The misspelling does turn up in print, though rarely. We’ve found two 1719 printings of Robinson Crusoe online that spell the word with an “n,” which has to mean that either Defoe or his printer made a mistake.

We think the error was the printer’s, because Defoe correctly spells “dilemma” in some of his earlier works.

For example, he used the word in An Essay Upon Projects (1697). Here’s the passage, in a section about unfortunate widows:

“ … the Poor Young Woman, it may be, has Three or Four Children, and is driven to a thousand shifts, while he lies in the Mint or Friars under the Dilemma of a Statute of Bankrupt; but if he Dies, then she is absolutely Undone, unless she has Friends to go to.”

And here it is again, in Defoe’s novel The Compleat Mendicant, or, Unhappy Beggar (1699):

“Being now deliver’d from this strange Dilemma, which, notwithstanding, had exhausted all my Stock; Moneyless, Friendless, and Disconsolate I wander from one place to another….”

Both of those quotations were copied from facsimile pages, as originally published, and available in the Early English Books Online database. We’ve left out Defoe’s italics and the long s’s that look like f’s.

The word appears only once, early on, in Volume 1 of Robinson Crusoe.

There were six authorized editions of the novel published in 1719 (we found only two of them), and at least some had “errata” that were later corrected.

The two early versions we found were both published in 1719 by W. Taylor in London, one labeled “third edition” and one “fourth edition.”
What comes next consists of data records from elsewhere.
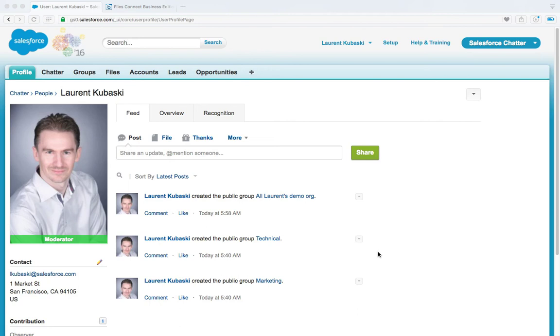Hello everyone, my name is Laurent Kubeski. I'm the product manager for Files Connect and today I'm going to show you how to set up Files Connect for Box.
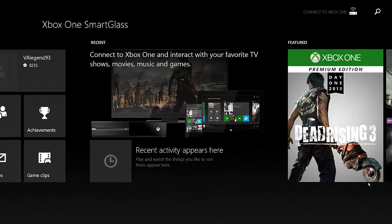Hello everybody! Welcome to a Windows 8.1 first look at Xbox One Smart Glass. This is the official Smart Glass application for the Xbox One, the upcoming next-generation console from Microsoft.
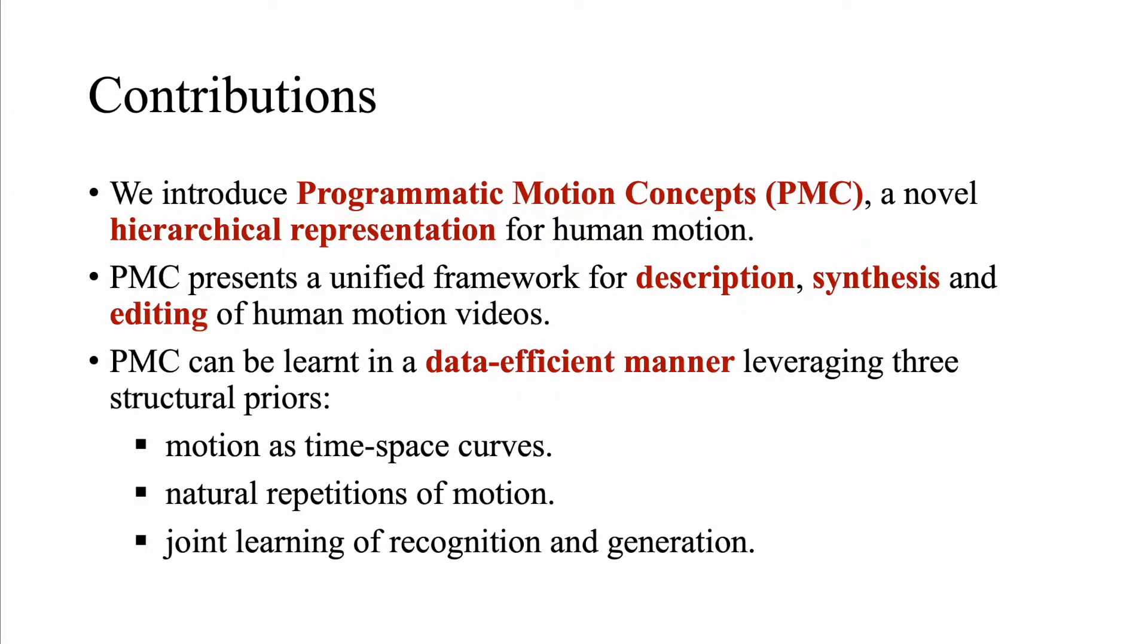In this work, we present Programmatic Motion Concepts, a novel hierarchical representation for human motion. PMC presents a unified framework for human motion description, synthesis and editing. We can learn the PMC representation in a data efficient manner by leveraging the inductive biases present in human motion data.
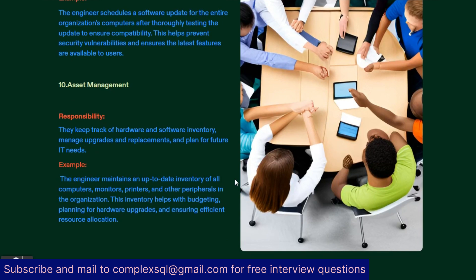The last and most important task is asset management. As a desktop support engineer, you need to keep track of hardware and software inventories, manage upgrades and replacements, and plan for future IT needs. For example, if 50 people are joining next month and 100 are leaving, you must have that data ready and ensure assets are available for incoming employees. The engineer maintains an up-to-date inventory of all computers, monitors, printers, and peripherals, which helps with budgeting and planning for hardware upgrades.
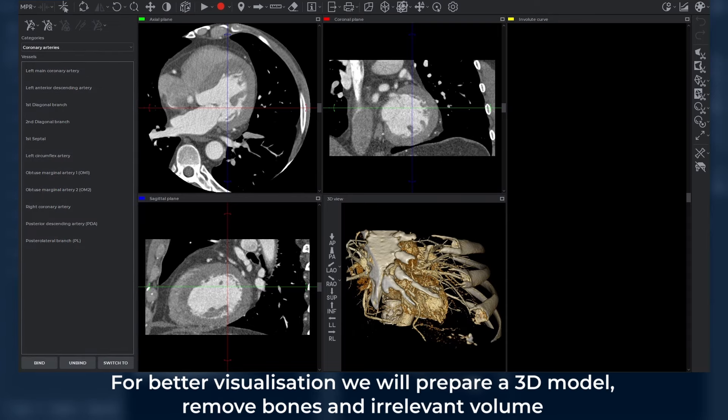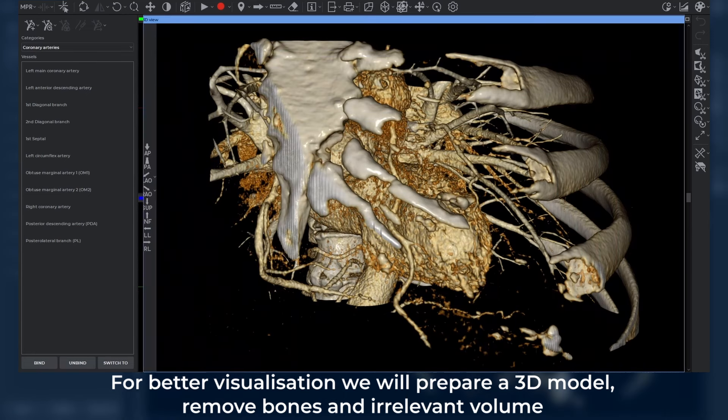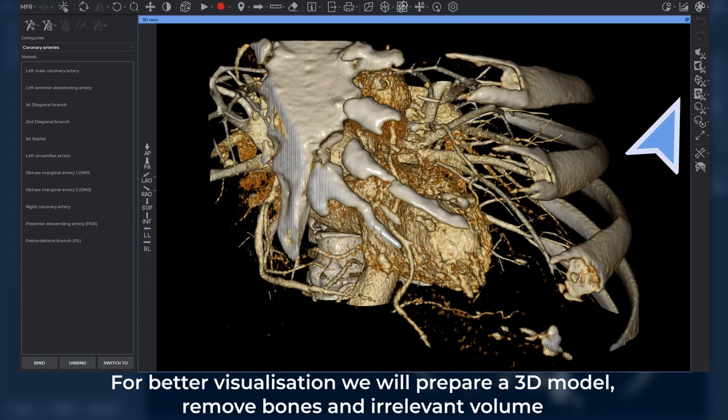For better visualization, we will prepare a 3D model, remove bones, and irrelevant volume.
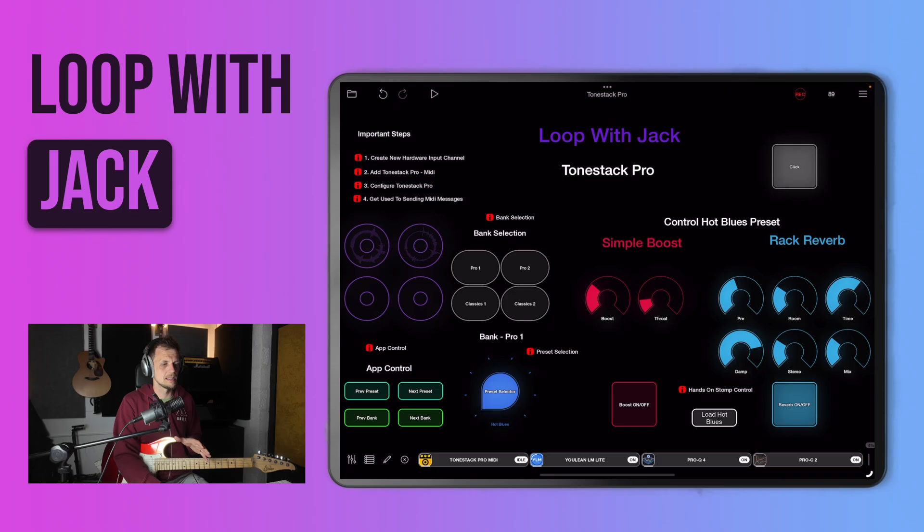If you're looking to pair ToneStack Pro with Loopy Pro for some killer guitar tones, but you want greater control and flexibility over the different presets inside of ToneStack, then this lesson should have you covered. We're going to be looking at how to send MIDI messages and create some cool widgets so that you can really get control of your pedal board inside of ToneStack. So let's get into it.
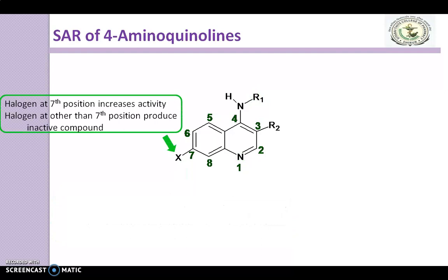The 7th carbon atom substituted by a halogen atom increases the activity. However, if you move this halogen to another position — such as the 5th, 6th, or 8th position — you will get an inactive compound. Therefore, the halogen atom must be present specifically at the 7th position to increase activity.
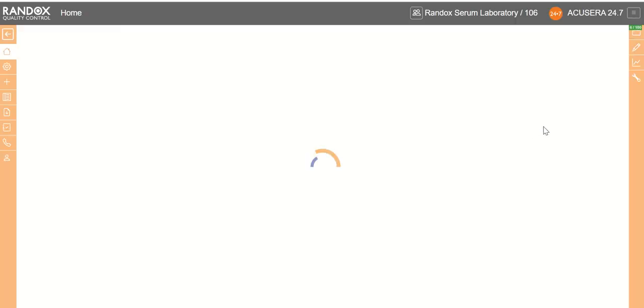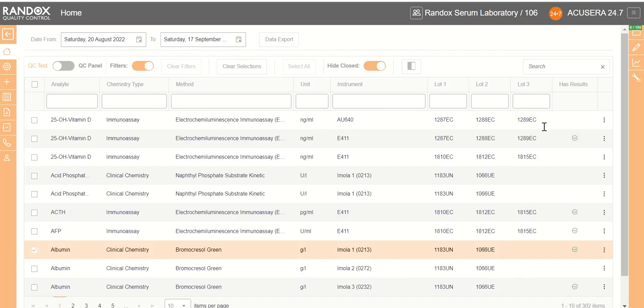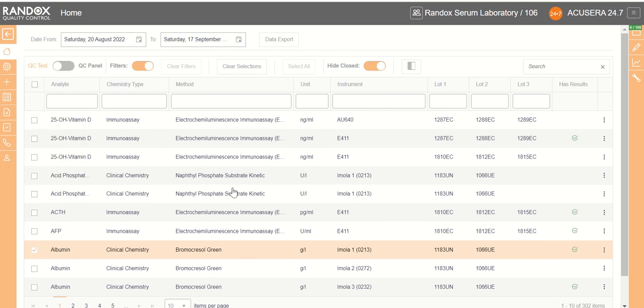Then you will be brought to the Randox AccuSera 24x7 home page. On this home page you will have the name of your lab at the top and the QC tests that you may have already loaded before.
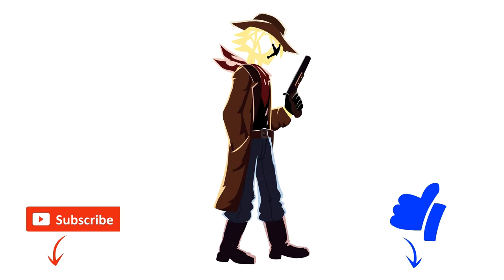Whew! Oh boy. Well, thanks for watching, guys. Once again, please like and subscribe. It helps a lot.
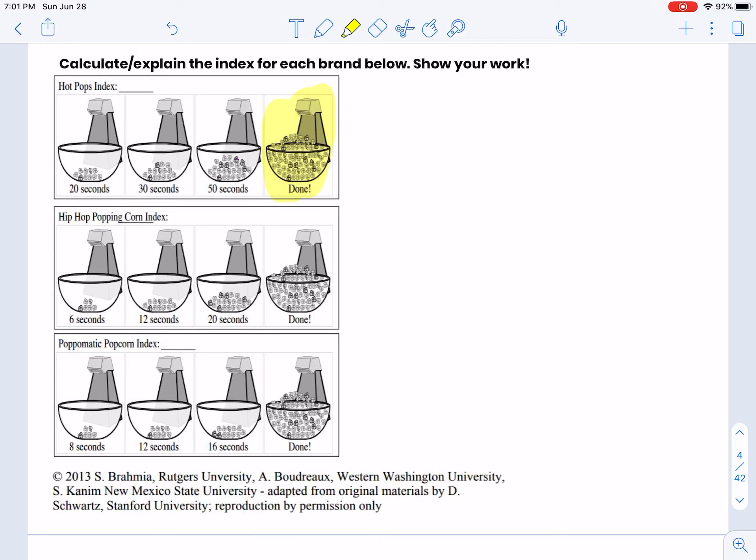Remember, 'done' is some random time later, and every kernel you see is a kernel that has popped regardless of whether it looks dark or not. Good luck.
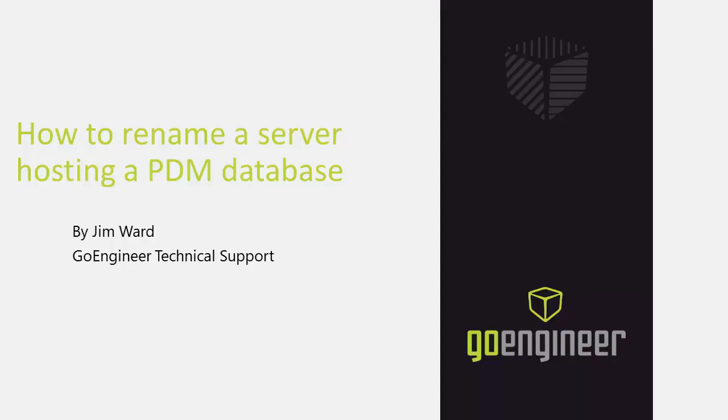Hello, my name is Jim Ward and I am a certified SOLIDWORKS PDM Technical Support Specialist with GoEngineer. In this video I will be discussing how to properly rename a server hosting the PDM SQL database.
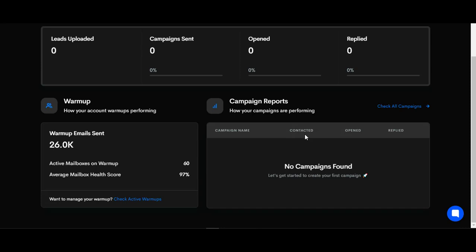In this video, I will show you how to warm up an unlimited number of SMTPs with this powerful tool. You can see my own SMTP emails right here - I have 60 SMTPs added to this tool and I'm warming them up. You can see warm-up emails sent: we have 26,000.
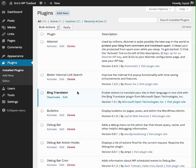Hi, this is Eric Amundsen. I'm going to give you an overview of how to install and configure the Bing Translator plugin for WordPress.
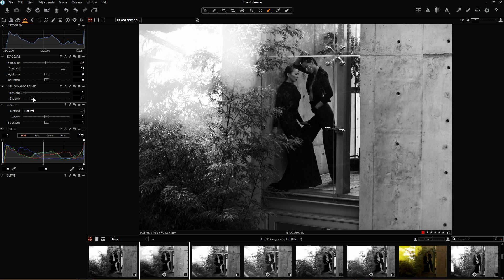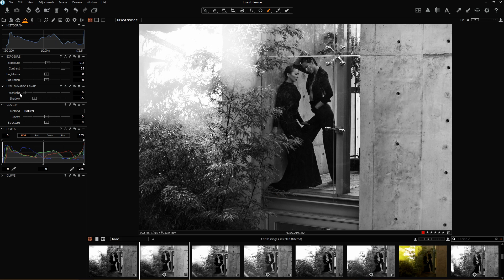I'm going to open up my shadows a little more. I don't often work with my highlight slider in the dynamic range — I find that especially with black and white work it tends to end up looking like an HDR image rather than a well-controlled or well-exposed image.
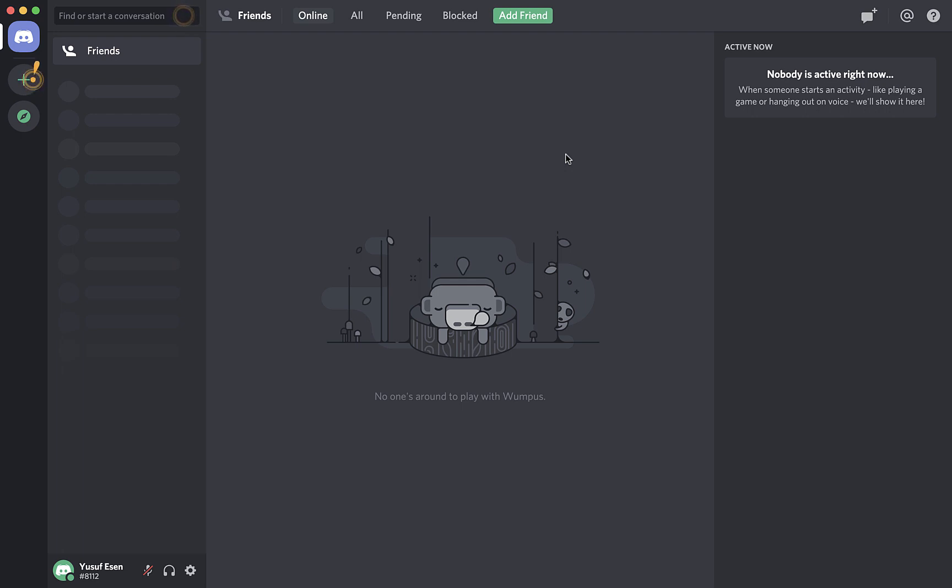I will be talking about two mainstream websites we're going to be using during our course. The first one will be Discord. So first off, what is Discord and why are we using it? Discord will be our main platform for communication and everything else during our course.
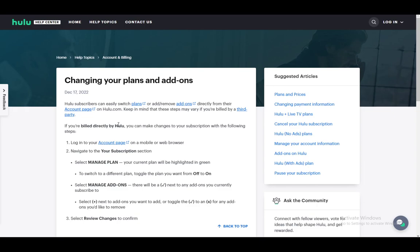Now, if you have already subscribed to Hulu, you can easily switch your plan or add or remove any add-ons. And if you are billed directly by Hulu, you can make changes to your subscription through these steps.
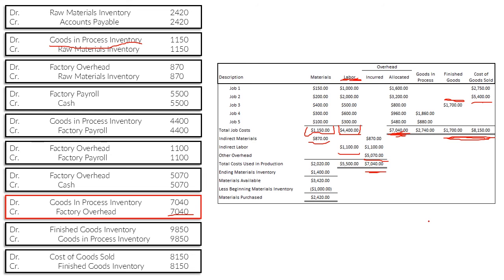In the last video, we'll talk about what happens when allocated and incurred overhead are not equal — for example, if incurred cost is $8,000 but allocated is only $7,040. That's where adjusting factory overhead comes in. You can find that video in the link in the description below. I hope you learned something — see you in the next one, thank you.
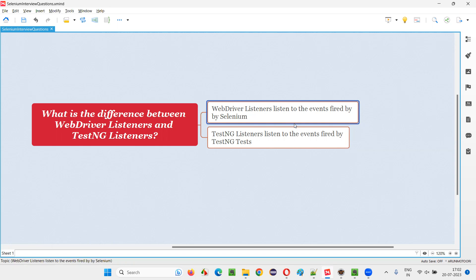That event will be listened by this WebDriver listener and they can perform something like before clicking, something can be done. After clicking, something can be done. That is possible with the help of WebDriver listeners. With the help of WebDriver listeners, we can perform some operations before clicking and we can perform some operations after clicking.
Here’s how the relevant passage reads in both of them:

“In this Dilemna, as I was very pensive, I stept into the Cabin, and sat me down, Xury having the Helm, when on a sudden the Boy cry’d out Master, Master, a Ship with a Sail … (again, we didn’t reproduce Defoe’s italics or those picturesque long s’s).

The spelling is corrected to “dilemma” in every later edition of the book that we’ve been able to find, from the 1790s onward.

Robinson Crusoe was wildly popular from the beginning, and those early authorized editions were followed by scores of others.

In some, publishers took great liberties, making cuts and changing Defoe’s wording, phraseology, paragraphing, and more.

But later, in the 19th and early 20th centuries, versions appeared that were advertised as authentic and based on the original texts. All of the them that we found used the correct “dilemma” spelling.

For example, “dilemma” was used in editions published in London in 1810 and 1815 that restored Defoe’s original wording (as quoted above).

Another edition, published in London in 1866 with antiquated spellings and capitalizations, uses “dilemma.” This edition claimed to be “edited after the original editions,” and the editor said it had been collated from the 1719 texts.

That 1866 edition is virtually identical to two others (London, 1882 and 1905), both claiming to have been taken from the 1719 texts and edited by the Victorian novelist Henry Kingsley.

In summary, all of those early versions said to be “edited after the original” used the correct spelling of “dilemma.”

We haven’t seen the Modern Library paperback. If, as you say, the editors used the incorrect spelling, we can only note that the editors of other “authentic” editions chose to use the correct spelling.

In case you’re interested, Michael Quinion has written about the “dilemma/dilemna” phenomenon on his website World Wide Words.